Não há nenhum pacto a fazer. Não há também salvação. Se há perdição da alma ela
se deu no percurso de sua trajetória de homem, coronel do sertão, cruel,
embrutecido pelo meio, animalizado e depois civilizado. O tempo é o seu
verdadeiro inimigo. E o que lhe resta é escrever a um leitor que não conhece,
sobre suas andanças, amores, desilusões, crimes e sonhos perdidos. O padre
imaginário somos todos nós o leitor. Philogônio possui características de
Riobaldo[3]
no que se refere à narrativa, construída pelos atos de um só personagem,
através de sua fala, feito de sonhos e reminiscências que lembram o personagem
de Grande Sertão: Veredas. O que o
difere, no entanto, é a linguagem. Darcy utiliza uma linguagem menos erudita
que Guimarães, mas também de grande importância em termos regionalistas,
neologismos, e caracterização para compor o personagem.
O monólogo de Philogônio se dá em
sua casa, em Laranjos, no meio da sala, sentado a sua mesa. Ninguém por
testemunha. De seu desespero ao esperar a morte, só tem ciência o leitor. O
ouvinte. E esse leitor atento toma conhecimento do personagem na medida em que
ele vai narrando, a seu modo, como subiu na vida, matou, mandou, explorou e
agora definha.
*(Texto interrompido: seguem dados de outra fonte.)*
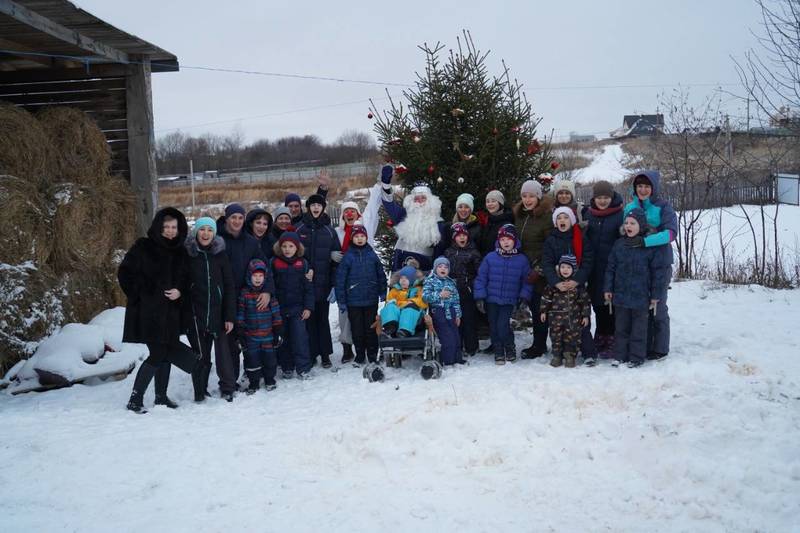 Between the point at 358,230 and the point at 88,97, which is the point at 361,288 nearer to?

A revolta particular de Philogônio está relacionada à sua
solidão. Depois de conquistar terras, pessoas, mandar e desmandar acha-se
sozinho questionando de forma ríspida, metafísica a posição de Deus e a sua
própria posição. Ambos mandam nesse mundo. Sua confissão manipula o leitor.
Cativa-o. Firma-se um pacto. Uma retórica do mando, de um homem que espera ser
perdoado por Deus, em episódios tórridos e violentos, registrados nos nove
capítulos que lembram o Inferno de Dante[4]
que é a sua própria perdição.
O tempo da narrativa é alternado
entre o presente e o passado, o que possibilita ao leitor a não se entediar com
a narrativa de seus capítulos longos e numerosos, produzido por um narrador que
oscila entre a embriaguez e a lucidez, num discurso ambíguo interligado com a
não-linearidade. Philogônio relata apenas o que pretende relatar. Pede perdão
por seus pecados e acredita que através de rezas possa ser salvo, quando chegar
o momento do encontro com Deus na eternidade. Espera ser redimido pelo padre.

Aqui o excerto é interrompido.